┌──

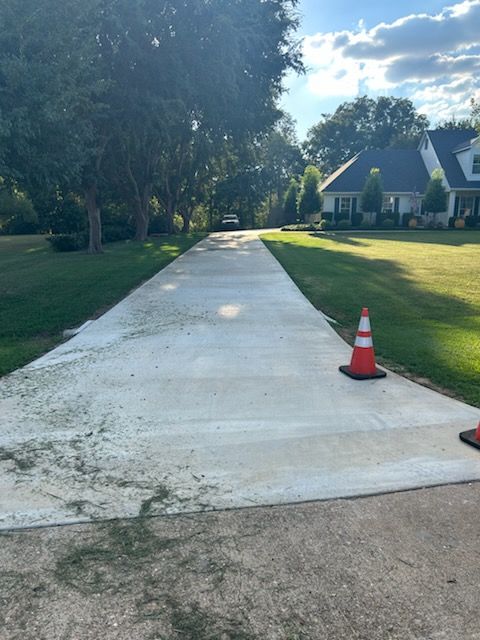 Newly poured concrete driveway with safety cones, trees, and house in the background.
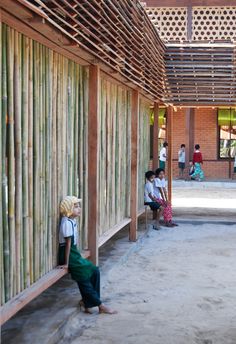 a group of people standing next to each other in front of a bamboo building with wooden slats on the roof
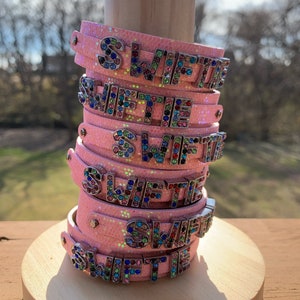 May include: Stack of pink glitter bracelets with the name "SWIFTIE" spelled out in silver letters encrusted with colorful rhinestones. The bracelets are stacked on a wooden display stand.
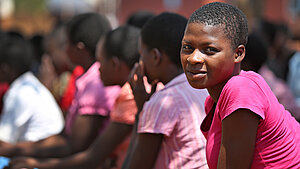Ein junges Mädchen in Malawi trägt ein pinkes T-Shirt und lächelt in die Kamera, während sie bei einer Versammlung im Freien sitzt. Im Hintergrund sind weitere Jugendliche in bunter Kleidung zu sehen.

└──

Work task >> Return exactly the lines that begin with the one containing "a group of people" and end with the final line of the data above; include no pictures.

Answer to the exercise >>
 a group of people standing next to each other in front of a bamboo building with wooden slats on the roof
 May include: Stack of pink glitter bracelets with the name "SWIFTIE" spelled out in silver letters encrusted with colorful rhinestones. The bracelets are stacked on a wooden display stand.
Ein junges Mädchen in Malawi trägt ein pinkes T-Shirt und lächelt in die Kamera, während sie bei einer Versammlung im Freien sitzt. Im Hintergrund sind weitere Jugendliche in bunter Kleidung zu sehen.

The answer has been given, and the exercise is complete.